Company vs. Stock?
Recently, I reconnected with a chap that I worked with on the floor some years back.We reminisced about how the market has changed over the years, and how we shared the struggle. The struggle? Separating our fundamental opinions about a company, from the realities of its stock. We agreed, there’s a very clear difference between the two thought tracks, two different creatures.
Beginning in high school and all throughout college, my only training was in the fundamentals. This mindset continued through my years as a broker, market maker, investment banker, principal and advisor. Through the years, I was taught how to sift through and tear apart balance sheets, and go one on one with companies’ management (seeking a private placement, IPO or secondary) during “due-dillies” before an IPO or secondary commitment. Those experiences helped me through my financial and management careers, however they did nothing to help my trading career (yet). Back then; every time I used a Bloomberg terminal to look at charts, I was scolded. Why? My experience was, the top brass of most of the firms I knew, did not want anyone paying attention to anything else than what they told you, the information (good, bad or indifferent) via their research reports. Verify my background on FINRA.ORG. Yep, a representative "Kevin Mahon" executed trades on my clients' behalf without my or their knowledge.
When the rumors of “cooking the books”, “accounting games” and “putting lipstick on a pig” began to flow through the markets after companies reported out earnings, the bigger money became more guarded. This became the beginning of a “tectonic shift” in how the more knowledgeable investors looked at the markets and equities. I was a part of at least a dozen IPOs, and it became increasingly harder for me to find “tangible” value or make a quantitative analysis in those companies, “pre market”.

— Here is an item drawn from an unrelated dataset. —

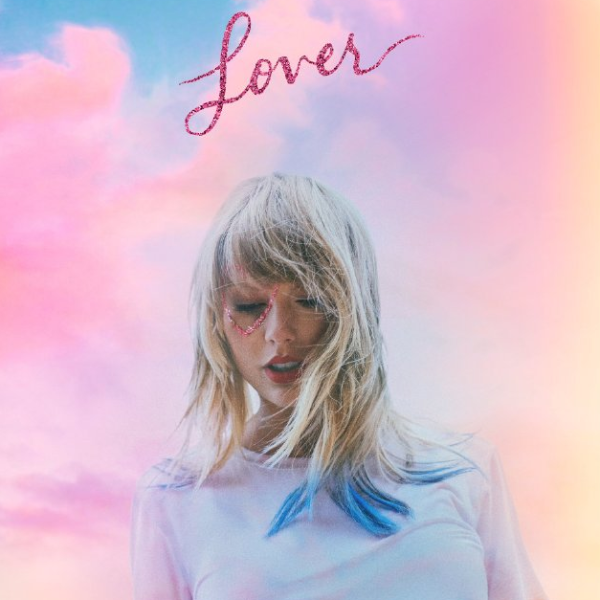 一出手就超猛！泰勒絲新專輯《Lover》全球預售已接近 100 萬張，還未上架就狂銷！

I was thankful to shift over from managing my book and tending to my clients as a direct retail supervisor position as a Series 24, to making markets for the firm. I yielded my ~300 clients $15AUM (relatively speaking, I was a piker) to other brokers. I gave up my book. That was truly “baptism by fire for me”. At this point as a market maker, the fundamentals meant nothing to me. I connected to the ‘squawk box” everyday (WAY, WAY before CNBC’s cute (profitable) show “SQWUAK BOX”) at 8:30am to get a feel for what the “heavies” were doing. I filled orders clients’ orders. I treaded the balance of putting the client’s order first, by them filling immediately ((priority (fill as principal)) and trading against it immediately after, in hopes the stock would drop intraday, or trade (short) against the box. Certainly, the most lucrative situation would be trading against inventory (as principal) in the deep end, or arbitrage as an agent between open market in Level Two, Selectnet and Instinet.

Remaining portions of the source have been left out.